6. Finalize your auto loan
Once you’ve found the right auto loan, confirm the terms with your lender. You will need to send in any required paperwork, including proof of insurance, before you sign.
- Sign the loan contract. If you agree to the terms, review and sign the loan contract. If you have a co-borrower or co-signer, they will also need to sign the contract. If you have an auto loan from a dealership, the dealer will provide the lender’s contact information on the contract.
- Get the vehicle title and registration. You must have your vehicle title sent to the lender and the vehicle’s registration updated to your name. The dealership will usually take care of this. If not — or if you’re buying from a private seller — work with the seller and DMV to update the necessary documents.

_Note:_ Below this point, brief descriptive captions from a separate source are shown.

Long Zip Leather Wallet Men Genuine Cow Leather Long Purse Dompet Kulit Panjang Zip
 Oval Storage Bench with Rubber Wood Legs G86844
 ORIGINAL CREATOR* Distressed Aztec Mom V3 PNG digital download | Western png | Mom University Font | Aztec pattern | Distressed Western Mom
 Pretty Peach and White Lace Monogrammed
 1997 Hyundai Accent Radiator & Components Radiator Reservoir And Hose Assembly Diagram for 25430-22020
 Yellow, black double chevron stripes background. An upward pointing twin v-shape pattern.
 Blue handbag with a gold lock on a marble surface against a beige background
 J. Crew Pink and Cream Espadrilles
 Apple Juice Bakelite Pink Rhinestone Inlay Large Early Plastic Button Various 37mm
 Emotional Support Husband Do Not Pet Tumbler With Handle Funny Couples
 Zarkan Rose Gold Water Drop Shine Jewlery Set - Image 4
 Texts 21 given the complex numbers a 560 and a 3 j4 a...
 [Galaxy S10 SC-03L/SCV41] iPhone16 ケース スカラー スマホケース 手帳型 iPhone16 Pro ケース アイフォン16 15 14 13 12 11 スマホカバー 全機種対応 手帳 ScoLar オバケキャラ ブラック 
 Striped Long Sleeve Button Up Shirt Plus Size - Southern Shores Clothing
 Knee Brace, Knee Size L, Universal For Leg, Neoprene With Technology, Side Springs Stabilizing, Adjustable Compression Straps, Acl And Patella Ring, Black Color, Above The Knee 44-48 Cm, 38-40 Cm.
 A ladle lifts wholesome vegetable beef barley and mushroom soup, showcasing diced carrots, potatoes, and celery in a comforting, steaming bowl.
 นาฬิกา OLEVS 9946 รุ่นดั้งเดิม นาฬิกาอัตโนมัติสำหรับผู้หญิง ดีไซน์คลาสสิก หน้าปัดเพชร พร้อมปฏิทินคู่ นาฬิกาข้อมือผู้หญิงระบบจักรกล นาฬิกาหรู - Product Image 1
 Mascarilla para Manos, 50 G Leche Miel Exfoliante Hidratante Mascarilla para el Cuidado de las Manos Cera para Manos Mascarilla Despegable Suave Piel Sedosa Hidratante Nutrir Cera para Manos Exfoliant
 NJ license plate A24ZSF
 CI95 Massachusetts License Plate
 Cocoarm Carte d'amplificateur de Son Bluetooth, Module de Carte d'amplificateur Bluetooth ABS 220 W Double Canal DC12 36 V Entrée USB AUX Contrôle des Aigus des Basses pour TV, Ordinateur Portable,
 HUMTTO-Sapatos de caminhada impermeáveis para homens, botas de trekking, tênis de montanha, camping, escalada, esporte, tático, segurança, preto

- Take possession of the vehicle. After you finalize your auto loan and complete the sale, you can take possession of the vehicle. While your lender will be the lienholder, you will be the official owner in charge of maintenance costs and general upkeep.
7. Start making payments
Once your loan is approved and your vehicle is purchased, you will begin making payments. Your loan agreement should have an amortization schedule that breaks down your monthly payments by interest and principal.
If your lender offers it, consider opting for automatic payments. This makes it easier to manage your loan. And in some cases, lenders may offer an autopay discount of 0.25 percent to 0.5 percent. While it may not seem significant, even a small reduction to your APR can lower the interest you pay by hundreds of dollars over the life of your auto loan.
Getting a car loan with bad credit
Having bad credit doesn’t mean you won’t qualify for an auto loan. In fact, some lenders specialize in auto loans for bad credit. But you may face more restrictions.
You will still need to check your credit and determine your budget. But prequalifying with lenders is even more critical. Exploring potential rates and the fees lenders charge will help you pick the best loan. It will also give you more negotiating power at the dealership, which may mean you can haggle for a lower rate from one of the dealership’s partner lenders.
If you cannot qualify for a monthly payment in your budget and can hold off on buying a car, take time to improve your credit score before applying again. This will help you get a lower rate or more flexible terms on your next car.
The bottom line
Financing a car can be a complex process if you aren’t prepared. But by comparing top lenders and checking your rate before you shop, you can ensure you are receiving the most competitive deal.